(Beginning of Provided material)

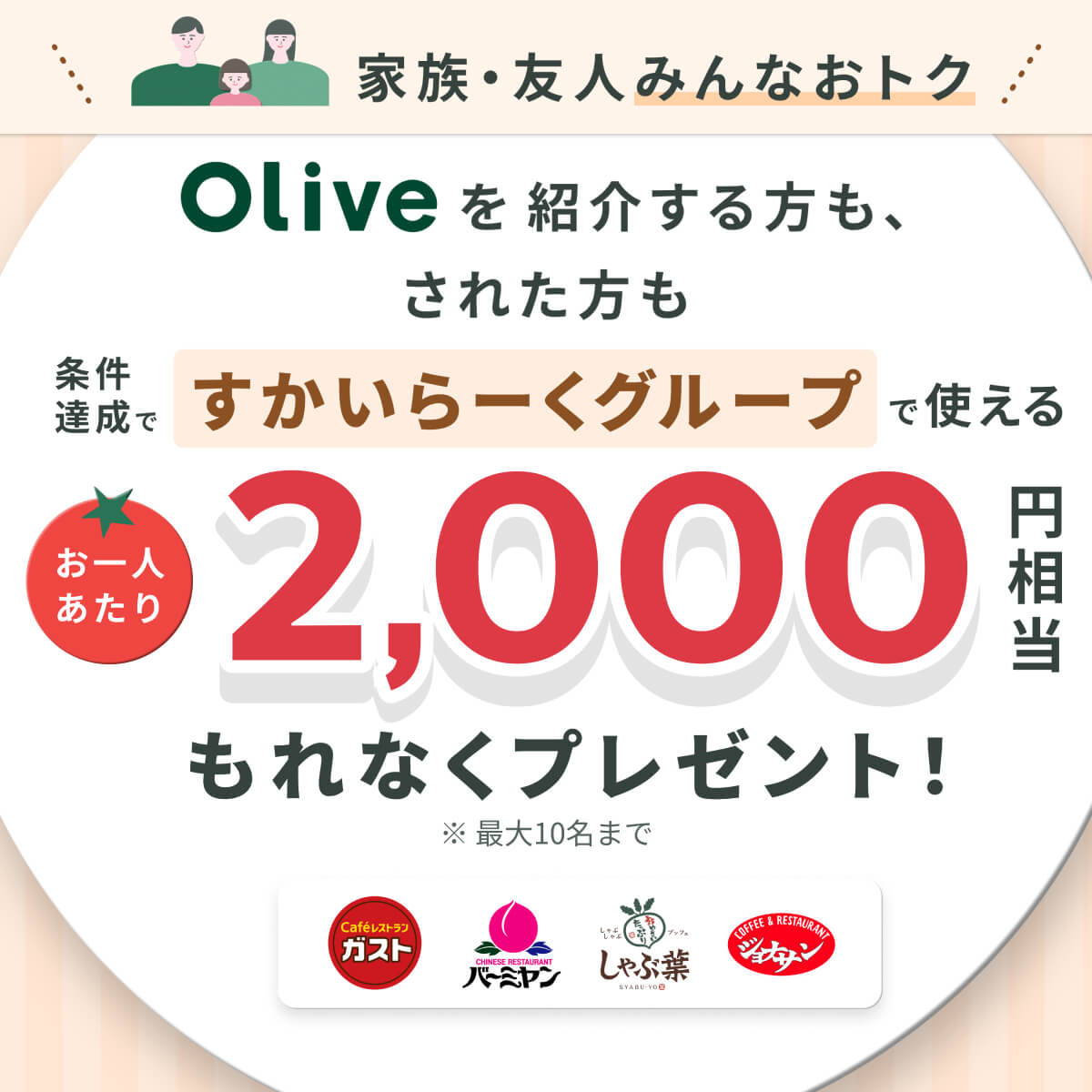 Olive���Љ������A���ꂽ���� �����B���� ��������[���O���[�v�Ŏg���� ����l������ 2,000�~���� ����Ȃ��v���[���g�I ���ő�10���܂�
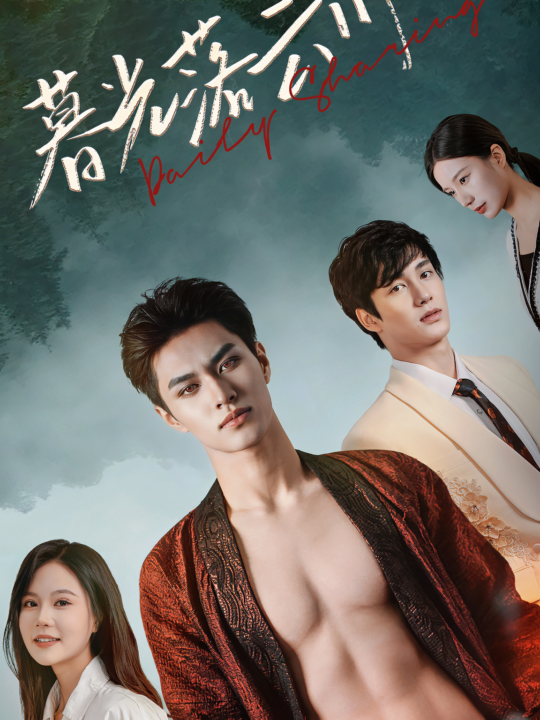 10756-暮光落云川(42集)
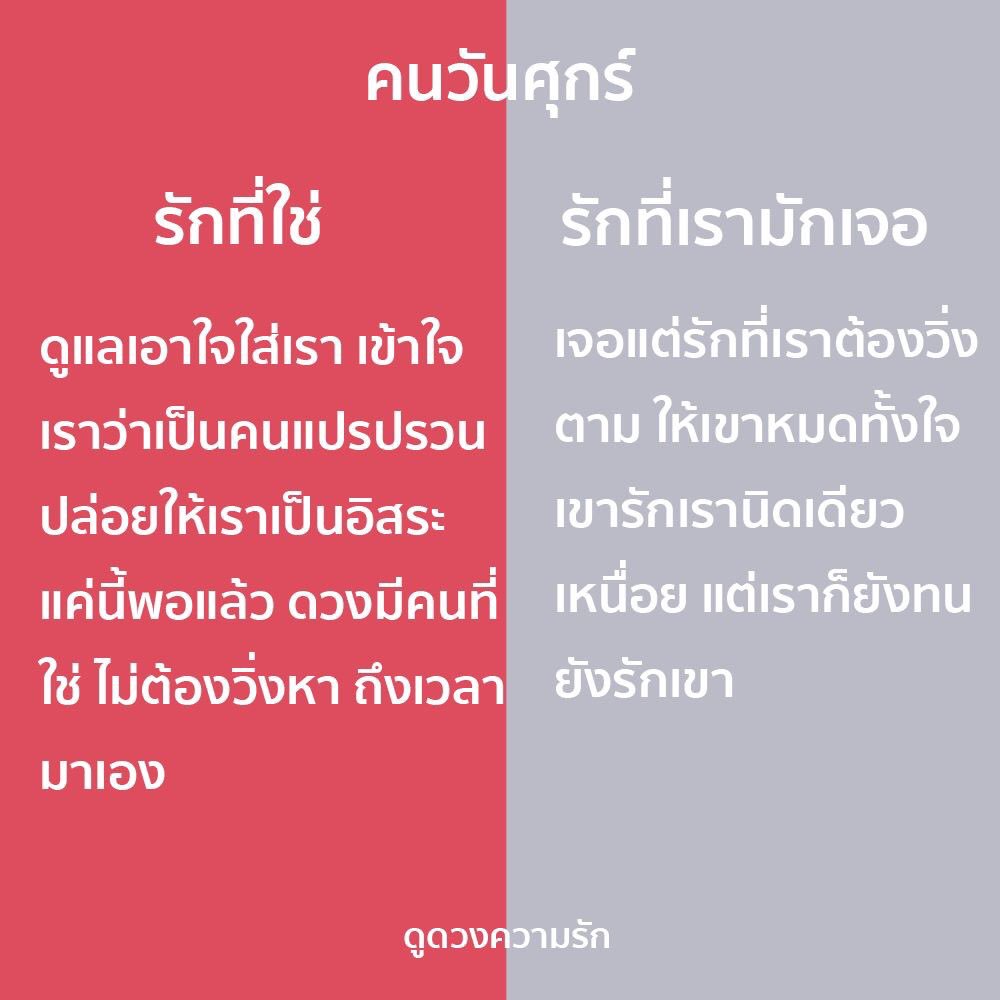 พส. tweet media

(End of Provided material)

Exercise directions
Images are to be left out; everything else in the material must be written out exactly.

Reply to the exercise
 Olive���Љ������A���ꂽ���� �����B���� ��������[���O���[�v�Ŏg���� ����l������ 2,000�~���� ����Ȃ��v���[���g�I ���ő�10���܂�
 10756-暮光落云川(42集)
 พส. tweet media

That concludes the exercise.